Photographer: Ian Southerin
Photographer: Ian Southerin

by Dr Heather Skinner*

In this session focusing on Island Tourism Issues, delegates attending Day 1 of the 3rd Corfu Symposium on Managing & Marketing Places heard about the contemporary issues facing the islands of Kefalonia, Corfu, and Rhodes.

Cruise Tourism: Current situation and development prospects of the sector on the island of Kefalonia – Evangelia. D. Parisi – University of the Aegean, Greece

Photographer: Ian Southerin
Photographer: Ian Southerin

This paper presented the results of a survey undertaken with 304 respondents to show the current situation of cruise tourism on the island of Kefalonia and reflects the views and satisfaction rate of the visitors to the island. Kefalonia is a developing tourist destination. Its port town Argostoli has welcomed a significant number of cruise ships during the last five years, but when these people arrive, not all of the island’s attractions are open for business, nor is it always easy for cruise passengers to find transportation to places they want to visit.
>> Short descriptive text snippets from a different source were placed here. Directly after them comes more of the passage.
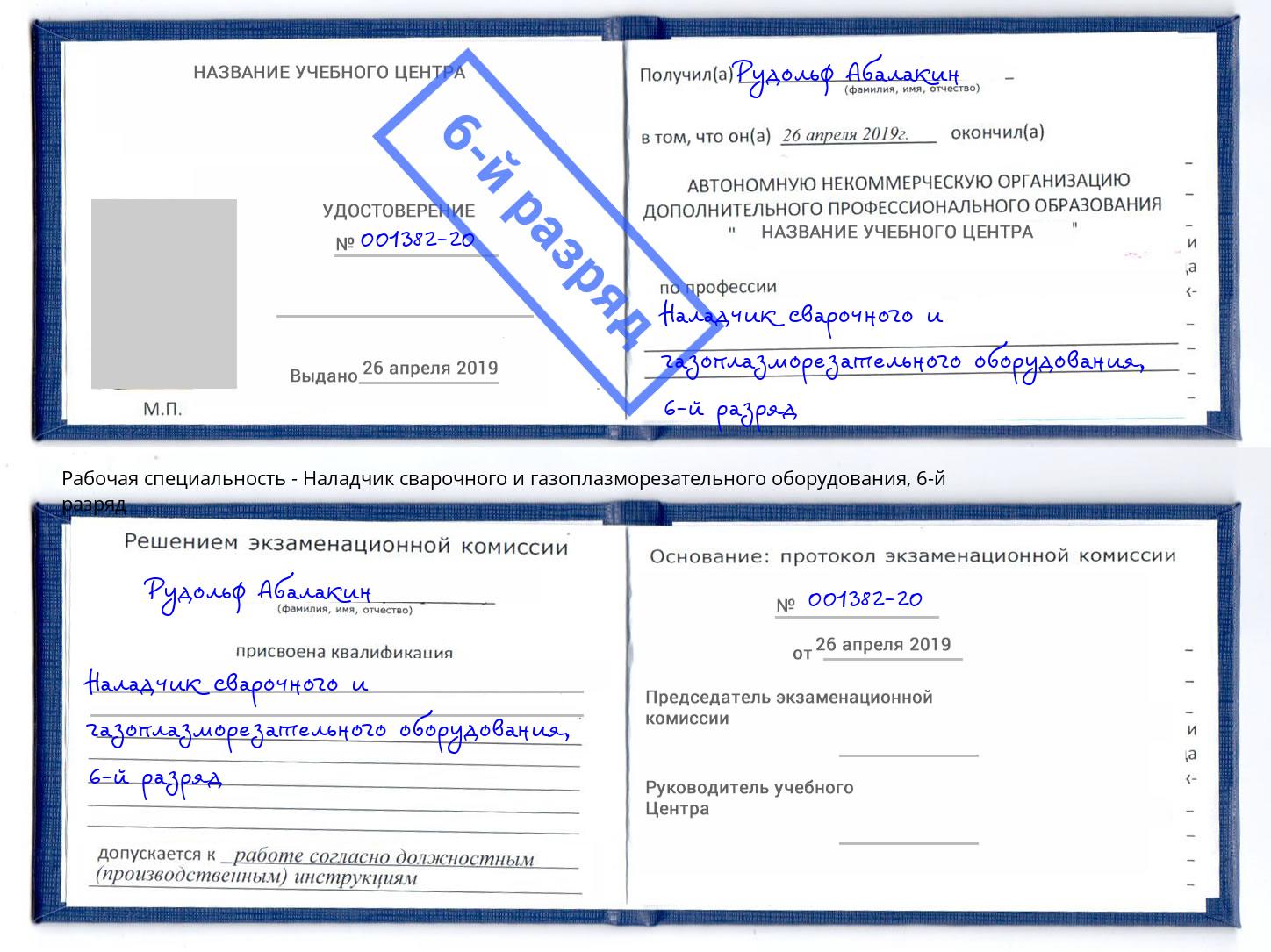 корочка 6-й разряд Наладчик сварочного и газоплазморезательного оборудования Новочебоксарск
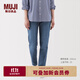 無(wú)印良品（MUJI）女式 彈力牛仔修身直筒褲 女款牛仔褲子長(cháng)褲25年春季 藍色 26 (165/66A)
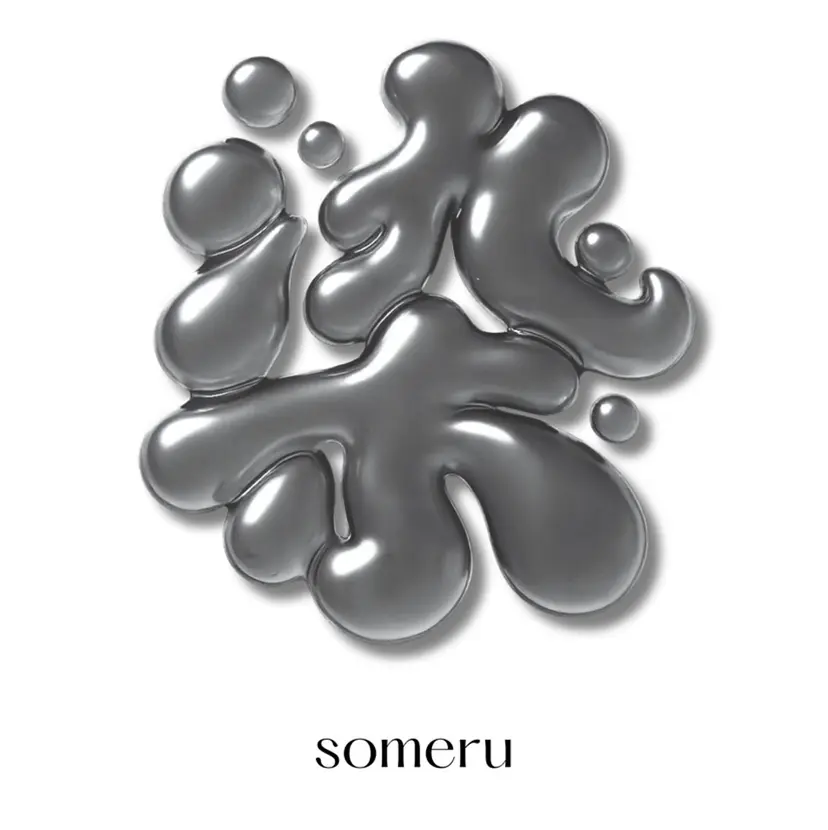 someru 染の掲載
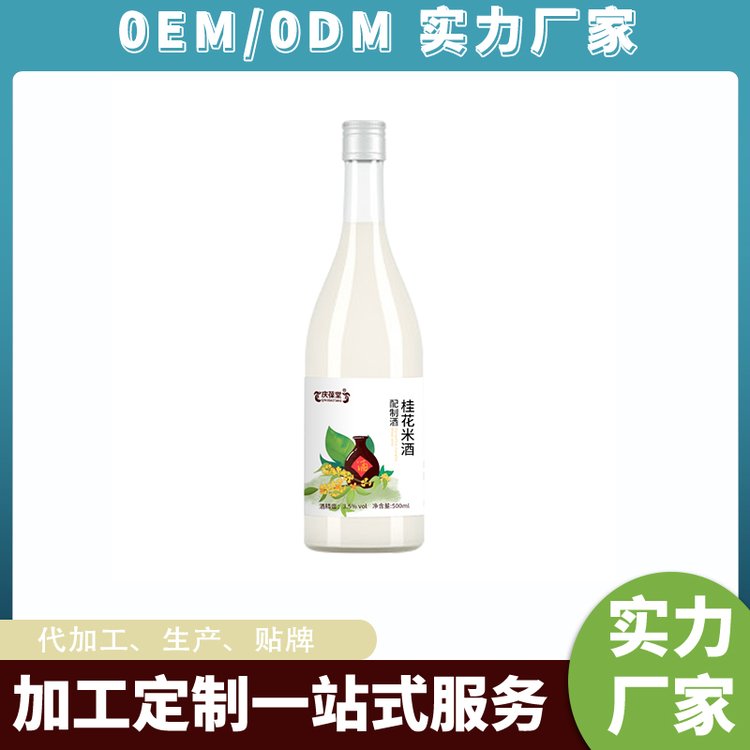 桂花米酒配制酒生產(chǎn)加工定制OEM\/odm工廠商超代工貼牌批發(fā)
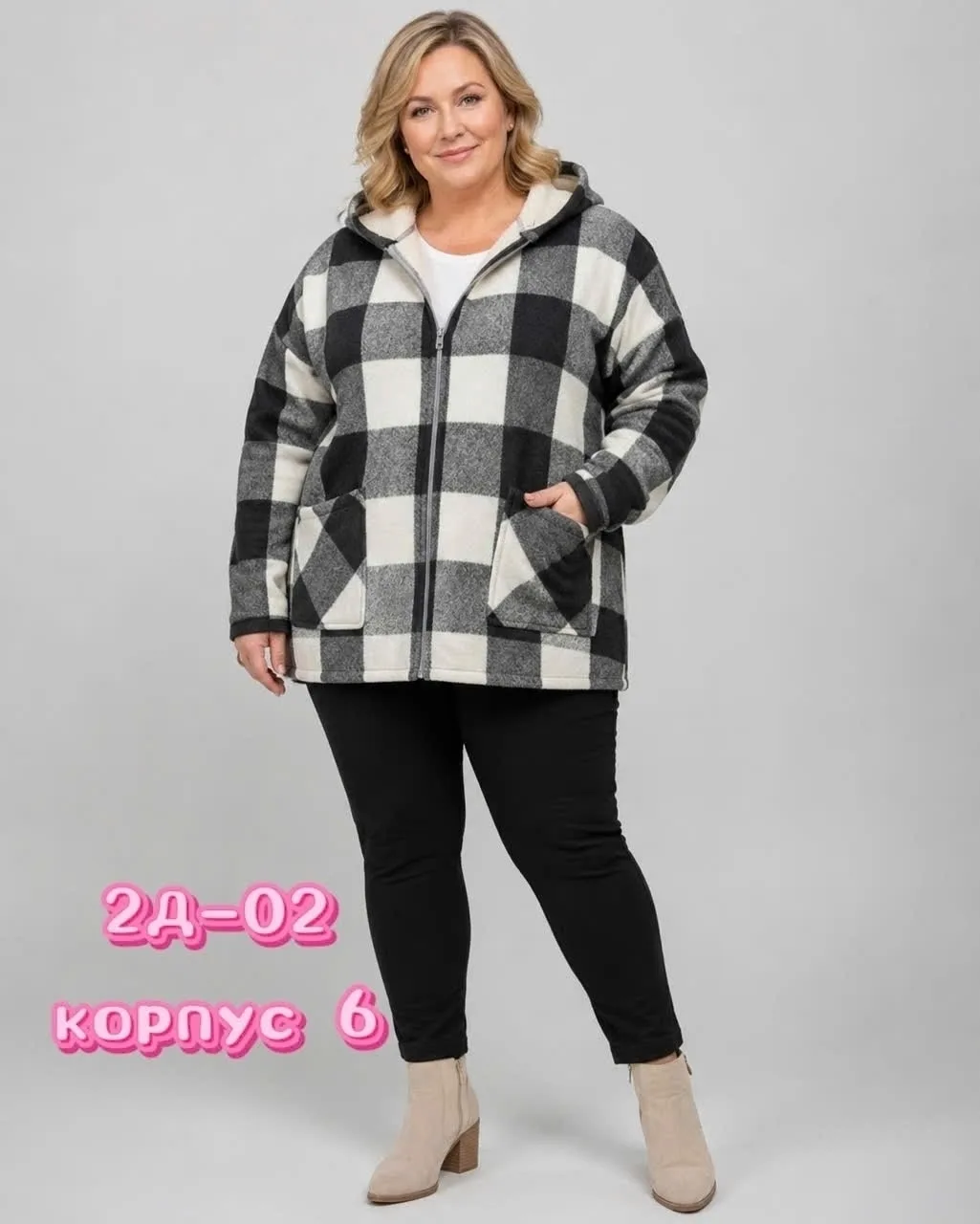 Куртка флисовая — фото 3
This research concluded that the island needs to improve the programming of cruise arrivals and coordination with overland means of transport and the opening hours of shops, museums, and other places of interest to provide better levels of satisfaction to its visitors.
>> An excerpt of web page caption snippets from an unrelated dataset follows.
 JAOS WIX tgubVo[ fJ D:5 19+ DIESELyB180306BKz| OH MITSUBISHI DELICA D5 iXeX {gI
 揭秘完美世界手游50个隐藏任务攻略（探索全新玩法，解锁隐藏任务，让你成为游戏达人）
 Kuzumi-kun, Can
World Tourism Day 2015: Corfu Discussions – Heather Skinner –Institute of Place Management


27th September 2015 saw the 36th World Tourism Day focusing on the theme of ‘1billion tourists – 1billion opportunities’. This paper presented the findings from the World Tourism Day Corfu Discussions into the positive contributions tourism can make to the island. However, not all discussion focused on these positives, some regularly occurring themes arose, and negative aspects of tourism were also highlighted. This research concluded that what positive contributions tourism can make to Corfu will centre around what the island wants to be known for. Targeting the UK market needs to be done carefully to ensure its future sustainability, and to attract more independent middle market tourists. More of a distinction needs to be made between these different visitor types in order to best serve them all in a way that is sustainable and that brings in repeat business. Any new initiatives will only be effective if the tourism provider community comes together and works together in a spirit of communication and co-operation, making plans during the winter to enact during the summer months. Historically, in Corfu, this has not been easy to achieve.

(Re)thinking Tourism Discourse and Place: Beautific and Horrific Fantasies of Tourism Development in Faliraki, Rhodes – Aggelos Panayiotopoulos, Maurice Patterson – University of Limerick, Ireland – Peter Burns – University of Bedfordshire, UK


This work highlighted that negative social and environmental impacts of inadequately planned tourism development counterbalance the positive economic benefits. The authors turn to Political Discourse Theory to examine these critical dimensions of tourism development and the way it shapes place, focusing on the case of Faliraki in Rhodes, which has a long and troubled tourism history. Similar to some resorts on other Greek islands, Faliraki has changed its focus over time to targeting Scandinavian upmarket tourists in the 1960s, creating a low-cost British party zone in the 1970s-90s, attracting Greek families in the 1990s, until in the 2000s, once again, Faliraki is aiming for the upmarket tourist, this time with the Russian All-Inclusive market. But, cyclically, what is at one time seen as beautific in the resort, tends to turn to the horrific, the challenge now is how to manage this as different zones develop in the resort. This paper presented by Aggelos, won the prize for Best Paper submitted by a doctoral student.

*Dr Heather Skinner is the initiator and chair of the Corfu Symposium on Managing & Marketing Places. She is also the chair of the IPM Special Interest Group on Responsible Tourism.